I have a few daily automations that control the lighting, starting with the 9:00 everything off, this automation is run at 9 as everybody is usually out of the house by that point, it triggers the All Lights, a group containing all my lighting.

Home assistant lights off automation

My favourite automation is the living room lighting situation, this ones a little more complex and uses a HPD (Human Presence Detector) and it linked up with Circadian lighting by claytonjn, I’m a big fan of this, alas, the automation runs between sunset and sunrise, if it detects a person it will turn the lights on, if it hasn’t seen someone in the room for 30 mins then it turns the lights off, as the lights are running on the Circadian integration they are automatically set to the perfect level and colour temperature.
you can see here the run order, I also have the TV linked into this.

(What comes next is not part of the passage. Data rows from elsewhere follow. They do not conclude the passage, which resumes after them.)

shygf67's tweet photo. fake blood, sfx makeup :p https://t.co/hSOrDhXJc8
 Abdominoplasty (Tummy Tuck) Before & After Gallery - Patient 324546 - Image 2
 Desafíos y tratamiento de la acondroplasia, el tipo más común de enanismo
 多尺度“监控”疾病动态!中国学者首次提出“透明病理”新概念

g room light automatic on off automation

All the lights in this room are controlled using Zigbee, I very much like ZigBee, I know the standard is a little loose but i do my research and have had a good experience so far!

The End Goal

Fully automated lighting

The end goal for my setup is fully automated lighting throughout the house. In reality, there are still a few rooms that don’t yet have smart lighting — mainly the bathroom and kitchen.

Living in a 1970s-built home makes this more challenging than it sounds. There’s a complete lack of neutral wires at the switches, a mix of dual light switches, and different fixture types in the same room. In the kitchen, for example, I’m dealing with one fluorescent tube and one standard ceiling-hung light, which makes drop-in smart solutions awkward.

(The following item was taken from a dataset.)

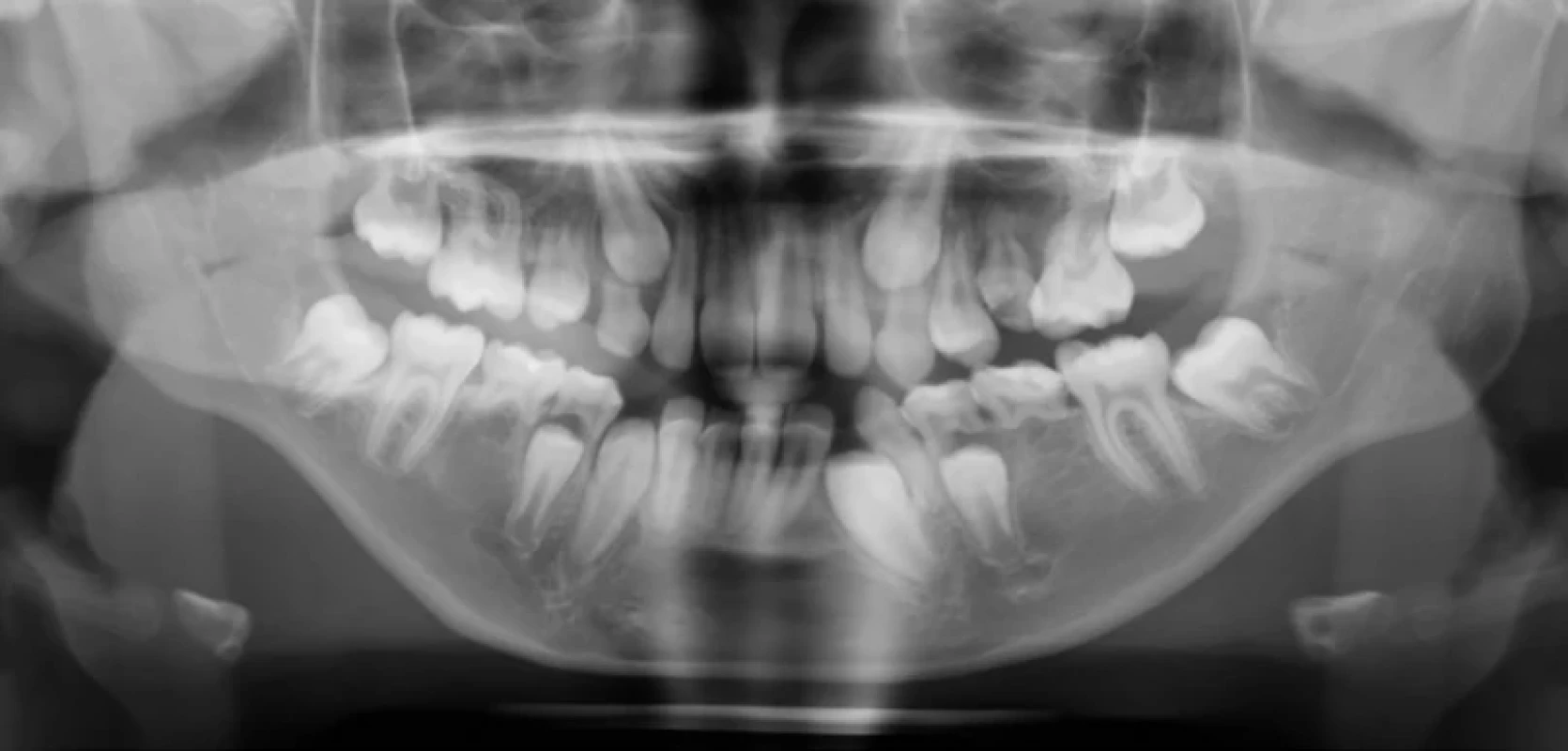 Ortopantomogram pacientky s Williamsovým-Beurenovým syndromem ve věku devíti let. Ageneze zubů 15, 35, 45 a třetích molárů; tvarová anomálie zubu 25 a 12, 11, 21, 22; asymetrická resorpce 73; porucha erupční dráhy zubů 33, 37, 47; zuby 75 a 85 před spontánní eliminací Fig. 2 Orthopantomogram of a 9-yearold female patient with Williams- Beuren syndrome. Agenesis of teeth 15, 35, 45, and third molars; morphological anomalies of teeth 25 and 12, 11, 21, 22; asymmetric resorption of tooth 73; eruption pathway disturbances of teeth 33, 37, 47; teeth 75 and 85 prior to spontaneous exfoliation.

I’ve experimented with a few Zigbee-controlled light switches, but dual-switch setups add another layer of complexity. Physically, I also need to deepen some of the back boxes to fit smart switches properly — something I haven’t prioritised yet, but it’s firmly on the list.

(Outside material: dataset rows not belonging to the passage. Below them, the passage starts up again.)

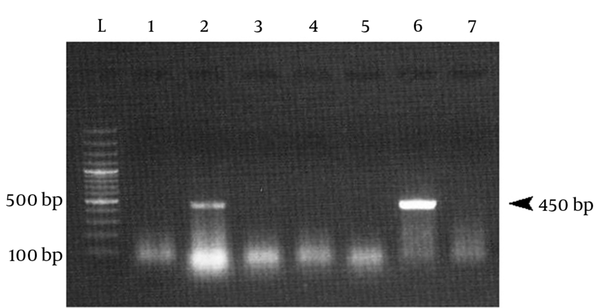 Lane L, 100 bp DNA ladder (Fermentas); lanes 2 and 6, HPV positive samples contained 450 bp amplicon from HPV genome.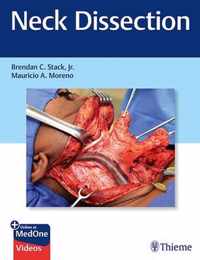 Neck Dissection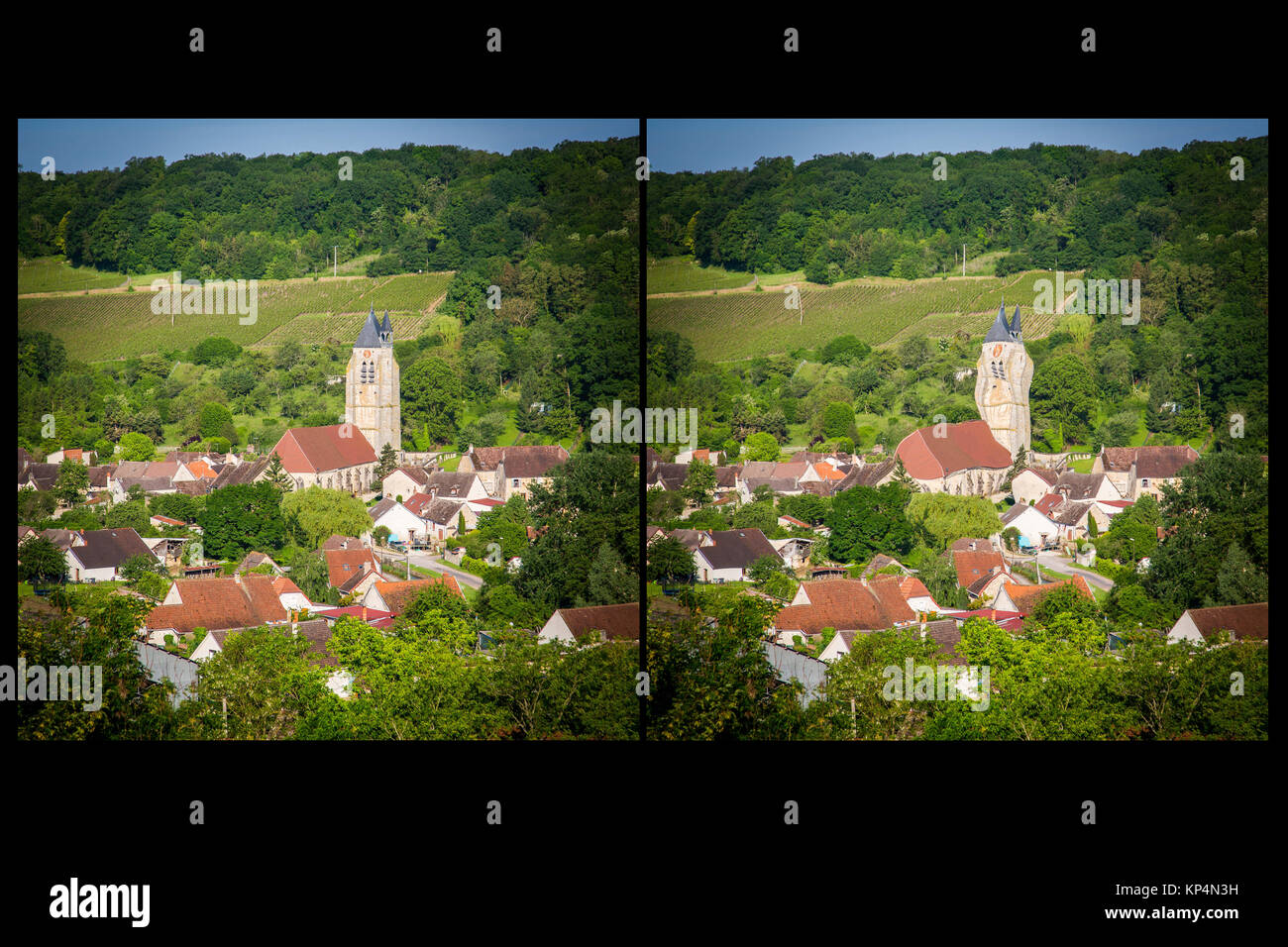Auf der rechten Seite, die Vision einer Person betroffen durch die altersbedingte Makuladegeneration (AMD). Stockfoto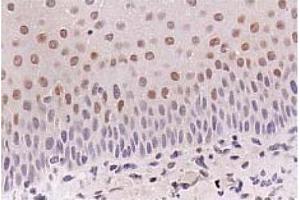 Immunohistochemistry (IHC) image for anti-Cyclin-Dependent Kinase Inhibitor 1A (p21, Cip1) (CDKN1A) antibody (ABIN487485) (p21 Antikörper)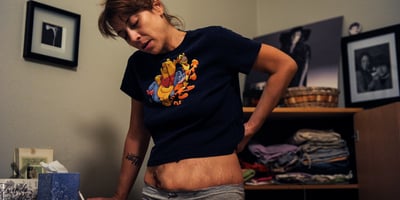 Is Cannabinoid Hyperemesis Syndrome Real? Is Cannabinoid Hyperemesis Syndrome Real?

For the bathroom, I’m leaning towards using a dedicated smart controller rather than smart bulbs or switches. I’ve been very impressed with the build quality of some Zigbee LED controllers, and the current front-runner is the MiBoxer single-channel Zigbee controller. Although it’s designed for LED tape, my bathroom lighting runs from a 24 V LED panel, so it should integrate cleanly without compromising reliability, however nobody wants to turn on their bathroom light using a phone when your busting for a wee, and well the kids don’t have phones yet so maybe its HPD time?

This approach keeps the lighting local, predictable, and fully controllable from Home Assistant — without fighting the limitations of older wiring.

What broke and how I fixed it.

things always break, its not fun when the lights don’t turn on at 9:00 at night!

Wi-Fi congestion and delayed responses

Early on, I experimented with a lot of Wi-Fi–based lighting devices, specifically TP-Link Tapo lights. On paper they worked fine, but in practice things quickly became messy as the system grew.

What was happening:

  • Delayed light responses
  • Occasional missed commands
  • Devices randomly becoming unavailable

What caused it:

  • Too many always-on Wi-Fi devices
  • ESP-based devices competing with general home network traffic
  • Poor signal quality in certain rooms

How I fixed it:

  • Reducing the number of Wi-Fi lighting devices wherever possible
  • Moving room-based lighting over to Zigbee
  • Keeping Wi-Fi mainly for controllers, not individual lights

Once this change was made, responsiveness improved immediately and reliability increased dramatically.

Overall, Wi-Fi light bulbs are a great product — if you’re using one or two from a phone app. For a whole-house setup, though, they introduce extra dependencies that can become problematic.

In my case, early on I was also running an older consumer router, and as soon as the internet connection dropped (which happened more often than I’d like), lights stopped responding and automations failed. I also ran into issues with the router’s DHCP server, especially when trying to use static IP assignments — something older routers don’t always handle well.

After moving to a UniFi router, and shifting most lighting to Zigbee, the entire system became far more stable. The network now behaves more like a small business setup than a typical home network, and lighting reliability reflects that.